Few presidents have accomplished so much in such a short time—Harding served from March 1921 to August 1923, when he died of a heart attack. As we’ve argued before, the fiscal policies Harding instituted brought the country out of the economic depression occurring as a result of the Great War, a period in which the national debt climbed from $1 billion in 1914 to $24 billion in 1920. It was a dire time: The country was already experiencing rising unemployment just as soldiers were returning home from the war looking for work. Deflation led to bankruptcies and business closures. In urban areas where African-Americans lived in close proximity to whites, race riots broke out.

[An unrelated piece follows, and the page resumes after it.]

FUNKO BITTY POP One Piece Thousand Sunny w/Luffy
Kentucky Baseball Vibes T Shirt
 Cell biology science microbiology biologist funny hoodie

Harding’s pledge to restore America to a condition of “normalcy” led to his landslide victory in November 1920. In office, he cut government spending to the bone and reduced federal income tax rates across the board. As he said to Congress, the government acted during the war as if “it counted the Treasury inexhaustible”; if that pattern continued, it would result in “inevitable disaster.” To get government spending under control, Harding established the nation’s first Budget Bureau (the forerunner of today’s Office of Management and Budget) in the Treasury Department. As a result, federal spending dropped from $6.3 billion in 1920 to $5 billion in 1921 and then $3.3 billion in 1922. He supported the Revenue Act of 1921, which eliminated the wartime excess-profits tax, lowered the top marginal income tax rate from 73 to 58 percent, decreased surtaxes on incomes above $5,000, and increased exemptions for families.
By the time Harding died, the signs of economic growth were evident.